* _WORK REQUIRED_
Copy out the data word for word, without any of its pictures.

* _SUPPLIED MATERIAL_
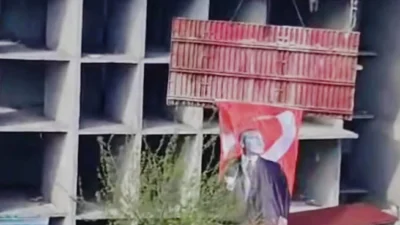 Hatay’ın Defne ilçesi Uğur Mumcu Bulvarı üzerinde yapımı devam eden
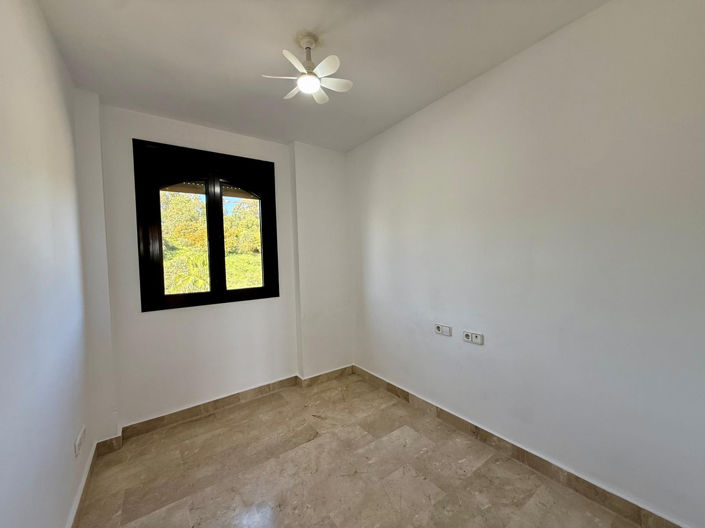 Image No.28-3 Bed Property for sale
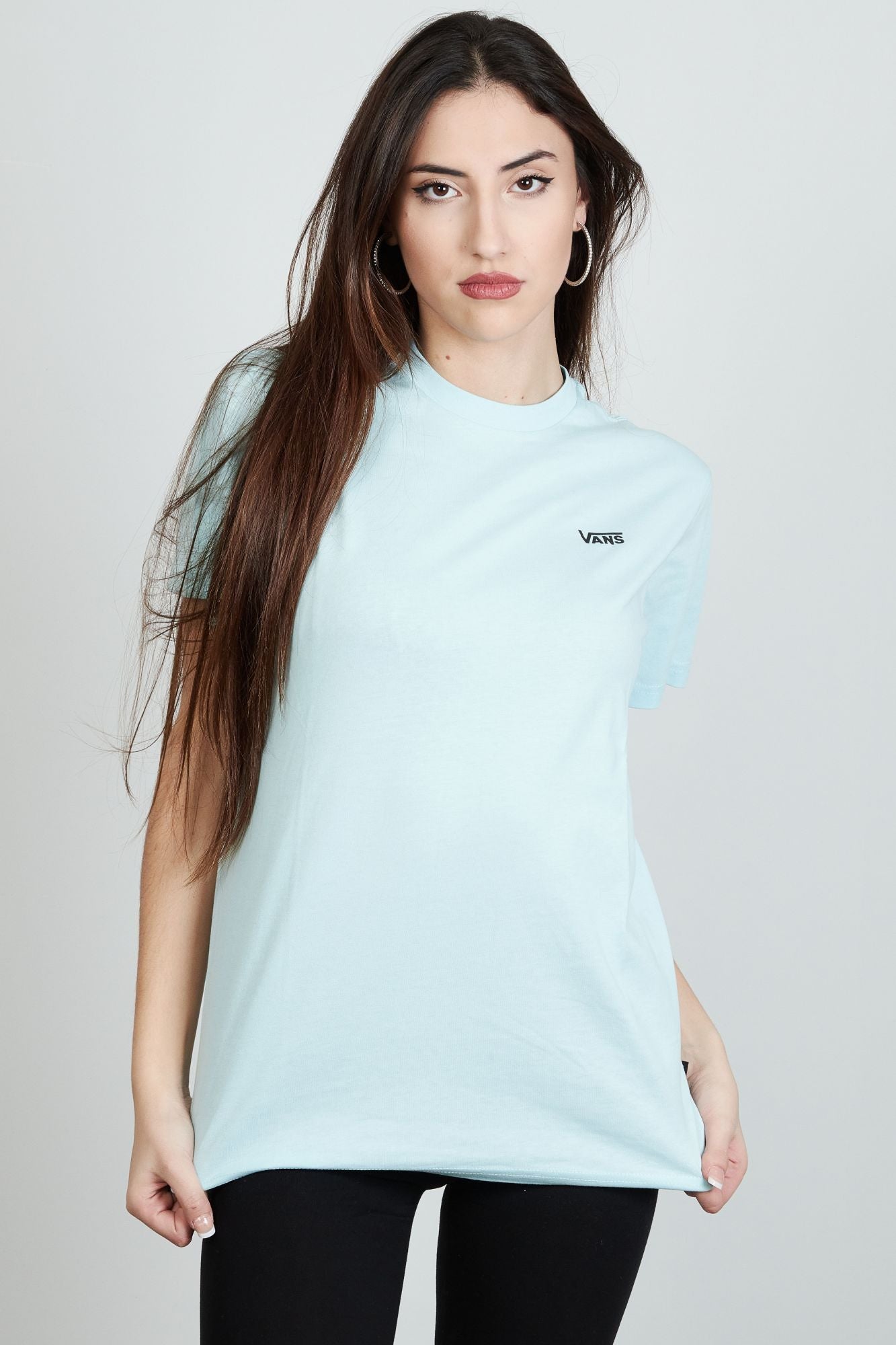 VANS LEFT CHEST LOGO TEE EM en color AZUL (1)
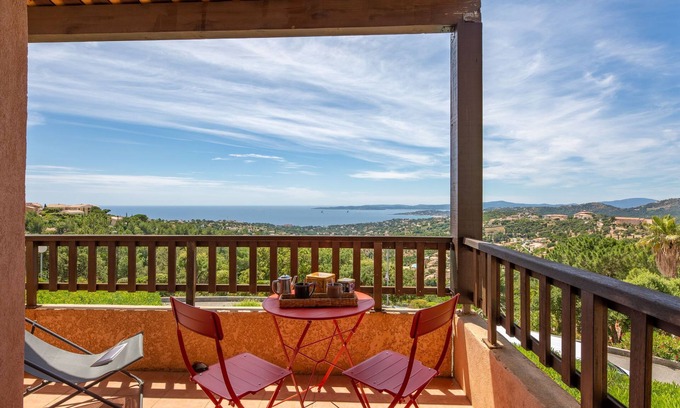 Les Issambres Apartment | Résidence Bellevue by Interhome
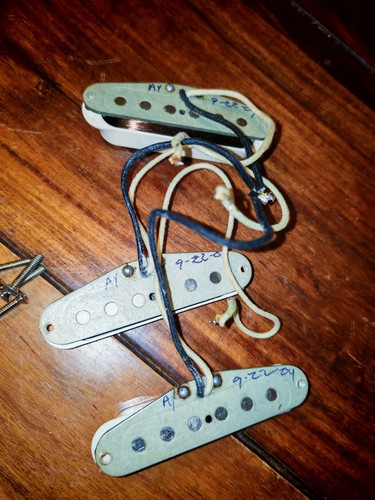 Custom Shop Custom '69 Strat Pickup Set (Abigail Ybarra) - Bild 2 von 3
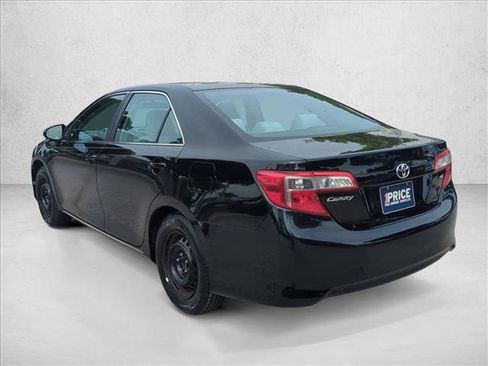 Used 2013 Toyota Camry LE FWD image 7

* _OUTPUT FOR THIS TASK_
 Hatay’ın Defne ilçesi Uğur Mumcu Bulvarı üzerinde yapımı devam eden
 Image No.28-3 Bed Property for sale
 VANS LEFT CHEST LOGO TEE EM en color AZUL (1)
 Les Issambres Apartment | Résidence Bellevue by Interhome
 Custom Shop Custom '69 Strat Pickup Set (Abigail Ybarra) - Bild 2 von 3
 Used 2013 Toyota Camry LE FWD image 7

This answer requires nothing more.